According to the published Rationale for the C Standard:
The terms unspecified behavior, undefined behavior, and implementation-defined behavior are used to categorize the result of writing programs whose properties the Standard does not, or cannot, completely describe. The goal of adopting this categorization is to allow a certain variety among implementations which permits quality of implementation to be an active force in the marketplace as well as to allow certain popular extensions, without removing the cachet of conformance to the Standard. [italics in original]
The Standard thus uses the term undefined behavior to refer both to constructs which would generally be meaningless on all implementations, and to constructs which some implementations will process as "popular extensions" but others may not.

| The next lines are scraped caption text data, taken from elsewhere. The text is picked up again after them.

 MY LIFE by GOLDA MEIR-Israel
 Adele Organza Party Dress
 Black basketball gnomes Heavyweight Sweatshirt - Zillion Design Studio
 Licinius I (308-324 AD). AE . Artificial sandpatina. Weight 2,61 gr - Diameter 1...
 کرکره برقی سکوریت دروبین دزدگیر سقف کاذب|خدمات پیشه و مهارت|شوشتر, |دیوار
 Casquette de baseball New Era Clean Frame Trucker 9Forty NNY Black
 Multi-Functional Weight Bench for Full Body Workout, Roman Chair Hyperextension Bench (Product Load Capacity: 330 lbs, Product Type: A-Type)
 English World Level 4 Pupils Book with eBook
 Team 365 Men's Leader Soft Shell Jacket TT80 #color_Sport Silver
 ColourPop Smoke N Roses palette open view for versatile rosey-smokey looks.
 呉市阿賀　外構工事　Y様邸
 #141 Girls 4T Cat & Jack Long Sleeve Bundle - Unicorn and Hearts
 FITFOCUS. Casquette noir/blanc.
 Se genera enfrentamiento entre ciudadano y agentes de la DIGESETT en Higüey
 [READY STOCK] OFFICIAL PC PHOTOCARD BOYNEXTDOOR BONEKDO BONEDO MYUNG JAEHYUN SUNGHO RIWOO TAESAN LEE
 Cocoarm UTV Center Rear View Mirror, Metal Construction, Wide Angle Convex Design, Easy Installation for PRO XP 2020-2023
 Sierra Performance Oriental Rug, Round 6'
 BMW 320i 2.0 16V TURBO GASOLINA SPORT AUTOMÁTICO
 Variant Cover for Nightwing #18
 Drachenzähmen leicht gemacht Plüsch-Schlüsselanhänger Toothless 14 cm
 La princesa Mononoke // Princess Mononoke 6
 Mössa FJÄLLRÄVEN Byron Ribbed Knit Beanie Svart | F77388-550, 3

Without knowing what your particular code is doing, it could be any of three situations:
Your code is relying upon a compiler to support a "popular extension", but in its present configuration it does not. Some such extensions were documented in the authoritative language specifications that predated the Standard (e.g. the 1974 "C Reference Manual", or K&R's "The C Programming Language", first and second editions) but weren't considered extensions at the time. Instead, judging from the Rationale, the authors of the Standard intended to say that compilers weren't required to behave precisely as earlier earlier specified in corner cases where doing so would be expensive and useless, and didn't think it necessary to explicitly say that compilers should nonetheless support the behaviors when practical and useful but expected compilers to do so whether mandated or not.
The code is accidentally doing something whose effects were never specified anywhere, and would thus be unpredictable.
The code is doing something which the Standard allows implementations to process in two or more different ways, chosen in Unspecified fashion (e.g. given x=f()+g();
, implementations are allowed to call f()
and then g()
, or to call g()
and then f()
, choosing in whatever manner they see fit), and its behavior is defined by the Standard or the implementation as performing in one of the ways it does.
In situations like yours, the problem is most often #1, #2, or a combination thereof, than #3. While #2 is perhaps more common than #1, compilers that value "optimization" above compatibility with existing code are making #1 increasingly common.